The drama unfolded following a hearing at the Manukau District Court on Tuesday during which Woodroffe attempted to postpone a case in which she was involved because of a clash with another case in the Supreme Court in Samoa.

A ruling from McNaughton shows he rebuffed efforts to have the case delayed and told Woodroffe she would have to make a decision.

It is common ground between Woodroffe and the court that a decision needed to be made by 3.30pm, although there was disagreement over whether she needed to appear in person.

However, the judge's minute from later in the day shows he insisted on her appearance after receiving the update from Woodroffe.

"Through the registry I directed that counsel appear at 5pm and that if she failed to appear that would be contempt in the face of the court," he stated.

Contempt of court is a charge designed to help maintain public confidence in the justice system and can be levelled against anyone ignoring an order of the court. It can lead to fines - or prison.

At that point, Woodroffe was sitting in her office in Upper Queen St when the emails started to arrive.

First she was told: "Judge has said you will be in contempt of court if you are in court by 5pm today." That was at 4.01pm.

It took four minutes for the court worker to realise she had missed out "not", when the second email was sent saying if she did not appear by 5pm "you will be in contempt of court".

It left 55 minutes to get out of the office, into the car and on the road to court.

"I was terrified," said Woodroffe. Too rattled to drive herself, she had husband and law partner Colin take the wheel as she directed office staff to tell the court she was on her way.

At 4.44pm, an email assured the court she was trying her best but was "currently stuck in traffic on the motorway".

Then at 4.58pm, her office told the court "Mrs Woodroffe is presently on the motorway in Mt Wellington".

"She is stuck in traffic but she is doing her best to arrive to the Court as soon as possible."

Ten minutes later: "Mrs Woodroffe is still in transit to the District Court. However, she would like to know how she may enter the District Court, as presumably the doors will be locked upon closing time."

It ended well - or, at least, Woodroffe wasn't found in contempt.

McNaughton's minute shows he appointed a lawyer to assist her client in the Manukau District Court trial, leaving her free to attend the Supreme Court hearing.

It's a finding Woodroffe disputed, as it left her client without a lawyer who could speak Samoan - or a lawyer of his choosing.

"Why did he make me rush all that way to Manukau to see him face-to-face?" Woodroffe asked. "It was a threat that got me quite upset and really worried.

"Anybody with common sense knows if you come from the middle of the city to Manukau at that time, you're not going to get there."

She said she visited a doctor the next day, having been unable to sleep and burdened by stress brought on by the incident.
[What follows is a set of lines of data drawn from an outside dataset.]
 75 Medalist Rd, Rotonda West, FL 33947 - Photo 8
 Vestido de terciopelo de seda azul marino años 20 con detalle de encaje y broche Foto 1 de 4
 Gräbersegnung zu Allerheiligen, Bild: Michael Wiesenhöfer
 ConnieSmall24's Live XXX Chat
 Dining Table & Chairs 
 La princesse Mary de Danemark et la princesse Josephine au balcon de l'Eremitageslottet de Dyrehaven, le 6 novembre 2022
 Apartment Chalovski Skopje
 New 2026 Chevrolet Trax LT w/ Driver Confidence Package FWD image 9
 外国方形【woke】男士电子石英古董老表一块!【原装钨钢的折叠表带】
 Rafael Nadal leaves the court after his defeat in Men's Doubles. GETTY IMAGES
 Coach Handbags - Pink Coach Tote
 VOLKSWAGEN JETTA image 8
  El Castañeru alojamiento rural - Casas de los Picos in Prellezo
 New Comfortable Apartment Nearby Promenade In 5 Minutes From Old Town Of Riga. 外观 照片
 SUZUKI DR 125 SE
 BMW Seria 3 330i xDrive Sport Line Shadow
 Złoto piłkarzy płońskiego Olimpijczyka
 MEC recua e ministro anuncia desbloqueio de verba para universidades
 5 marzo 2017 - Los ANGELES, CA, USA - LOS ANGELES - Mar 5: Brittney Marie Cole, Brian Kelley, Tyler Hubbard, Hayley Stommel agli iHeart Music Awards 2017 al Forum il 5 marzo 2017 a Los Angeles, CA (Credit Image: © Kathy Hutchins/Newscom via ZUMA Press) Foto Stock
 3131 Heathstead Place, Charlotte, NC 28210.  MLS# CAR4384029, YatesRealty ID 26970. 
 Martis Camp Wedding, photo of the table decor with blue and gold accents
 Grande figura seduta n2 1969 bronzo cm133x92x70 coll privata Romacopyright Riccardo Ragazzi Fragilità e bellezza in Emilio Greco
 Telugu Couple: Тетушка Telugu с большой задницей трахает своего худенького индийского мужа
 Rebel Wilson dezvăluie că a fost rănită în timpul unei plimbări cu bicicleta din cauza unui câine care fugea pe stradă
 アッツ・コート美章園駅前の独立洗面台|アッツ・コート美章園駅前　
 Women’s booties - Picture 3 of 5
A medical certificate from the Remuera doctor stated: "Olinda has come to see me today as she is feeling under huge stress. This seems to relate to pressures from a judge in Auckland.

"She is finding his demands and expectations of her to be unrealistic, and fail to consider other workloads that she is dealing with - particularly a court case in Samoa that she must also attend."

The doctor found she was "able to carry on" but said he was "concerned that anyone should be subject to such stresses".

Woodroffe said she planned on making a complaint to the Judicial Conduct
Commissioner, a body able to rule on judge's behaviour but not their legal findings.

The AA's expert on Auckland transport Barney Irvine initially said "you'd be nudging it" to get from Auckland central to Manukau in under an hour. "I certainly wouldn't guarantee it."

But then he checked the data for that week and found it was a 27 minute journey from the motorway on-ramp to the off-ramp.

Taking into account the time getting to the on-ramp, and off at the other end, he believed it was possible to do the journey in under 50 minutes.

Judges are prohibited from commenting on court proceedings, although the district court was asked if it would do so for this story.